The idea behind our regulatory system for generic drugs is that having a larger number of manufacturers competing in the market for a particular medication will naturally drive down costs while ensuring high quality. However, the GPO-led push for bottom-dollar pricing – along with restricted competition for manufacturers offering sizable rebates – turns this dynamic on its head.

Generics manufacturers that are unable to turn a profit with artificially low prices and unfair restrictions market access will typically exit the market entirely. The result is a much less competitive marketplace that relies on a smaller number of manufacturers. And, with fewer manufacturers, the risk of a shortage is substantially higher.

So, where is the government in all this?

In 2019, the FDA issued a report laying out the impact of this crisis and potential solutions. The Biden White House published a supply chain resilience report that included pharmaceutical manufacturing in mid-2021. Earlier this year, the Senate Homeland Security Committee issued a report specifically focused on drug shortages.

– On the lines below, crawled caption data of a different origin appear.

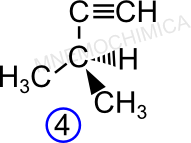 Molecola del 3-metil-1-butino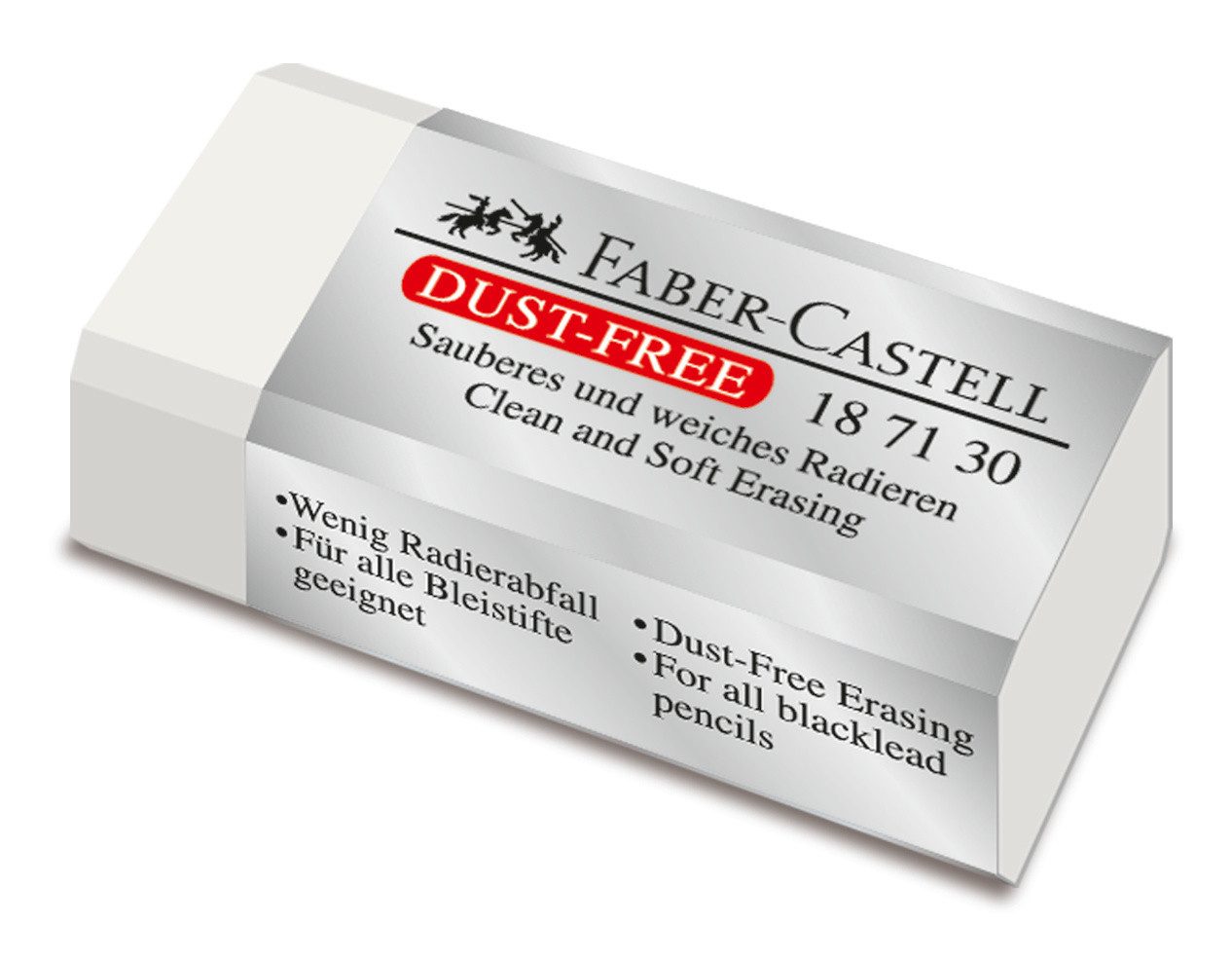 Faber-Castell Radiergummi Faber Castell Radierer Dust-free klein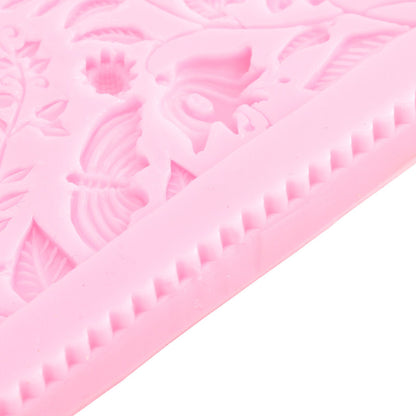 Flower Shaped Silicone Molds Fondant Chocolate Cake Decorative Mold DIY Bake Tool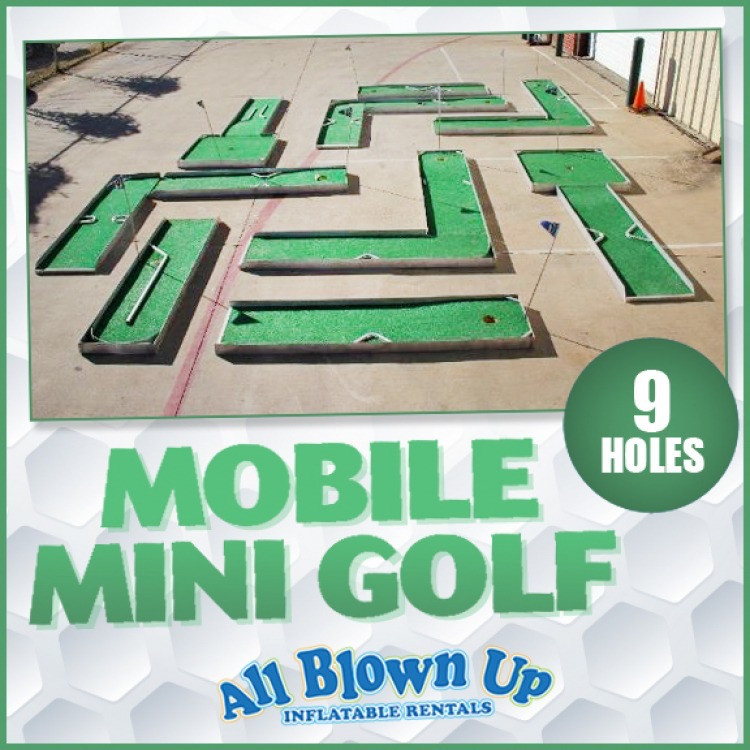 Escape Games, LED, & Mini Golf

In other words, Washington has produced several studies and reports on this problem, but, not surprisingly, very little action has been taken. Meanwhile, more and more manufacturers either shutter production on key generics or go out of business entirely.

Admittedly, there are some good ideas in these various reports. For example, if GPOs wanted to be a proactive part of the solution, they could start with two recommendations from the FDA report. This would include setting contracts to ensure manufacturers earn a sustainable, risk-adjusted return to incentivize ongoing investments in producing essential medications. GPOs could also reward quality investments by offering higher payments for drugs manufactured in top-rated facilities or conditioning contracts on companies maintaining a specific quality maturity rating.

However, as the shortage crisis has been growing for more than a decade, it is hard to imagine GPOs will change course now.

So, the administration and Congress must act.

A good place to start would be to realign economic incentives. Under current law, GPOs are essentially immune from prosecution under federal anti-kickback laws. Congress could pass straightforward legislation to eliminate this safe harbor, particularly when it comes to Medicare programs.

Congress and the administration could also provide some relief by fixing the Medicaid Generics Penalty. In the 2015 Bipartisan Budget Act, Congress applied the same penalties used to control price increases for brand-name medicines to low-cost generic drugs. However, in a competitive, multi-source generics market, prices are often as low as 70 percent below the cost for the original reference drug. When base prices are that low, even a small price increase can appear disproportionately high as a percentage. This reinforces the artificial price ceiling on some generics and can add instability to the market over time.

Whatever solutions policymakers want to consider, one thing is clear: Our drug shortage crisis is largely the result of an unhealthy and unsustainable business environment for generic drug manufacturers. GPOs have significant leverage and they are not shy about using it. Using predatory purchasing power and one-sided contracts, GPOs create unnecessary operating challenges for drug manufacturers, especially those lacking the necessary investment capital and multiple lines of business that will let them compete in an unfair marketplace. It is a recipe for disaster that is playing out in real time and put lives, like my son’s, at risk.

MacKay Jimeson is the executive director of the Patient Access & Affordability Project at Patients Rising. He was previously an executive at Pfizer and an aide to former Florida Governor Jeb Bush.